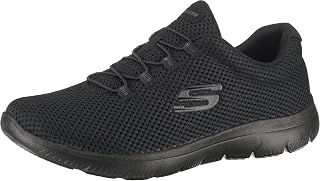Skechers Women's Summits Trainers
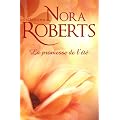La promesse de l'�t�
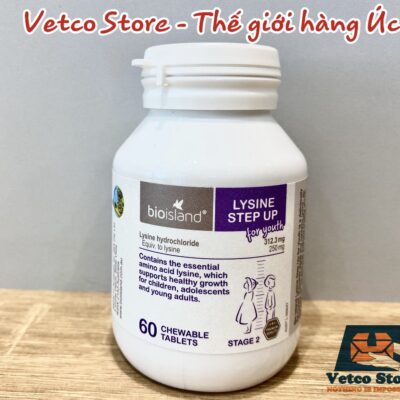 Lysin tang chieu cao dang vien2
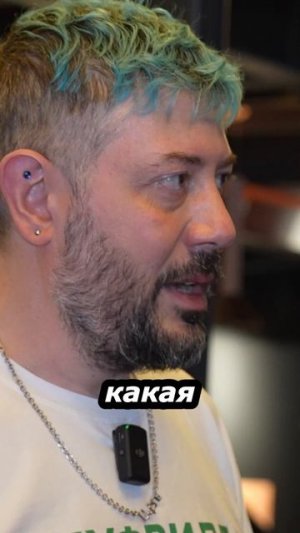 Про Мизулину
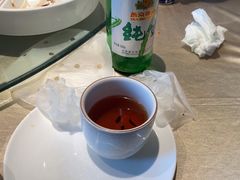 -宏宴·新京菜(望京店)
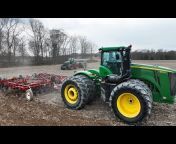Brian&#39;s Farming Videos
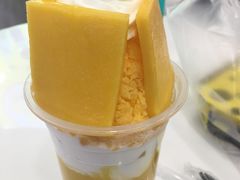 -泰芒了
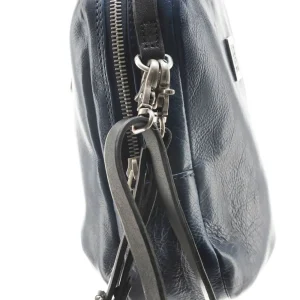 Hot LIMONE Damen Taschen
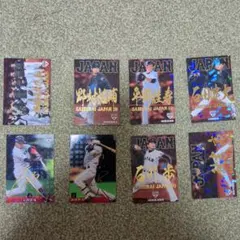 2026年最新】プロ野球チップスカード まとめ売りの人気アイテム - メルカリ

Aim of the exercise | Output the whole of the data, unchanged; keep the pictures out.

The answer |
Skechers Women's Summits Trainers
La promesse de l'�t�
 Lysin tang chieu cao dang vien2
 Про Мизулину
 -宏宴·新京菜(望京店)
Brian&#39;s Farming Videos
 -泰芒了
 Hot LIMONE Damen Taschen
 2026年最新】プロ野球チップスカード まとめ売りの人気アイテム - メルカリ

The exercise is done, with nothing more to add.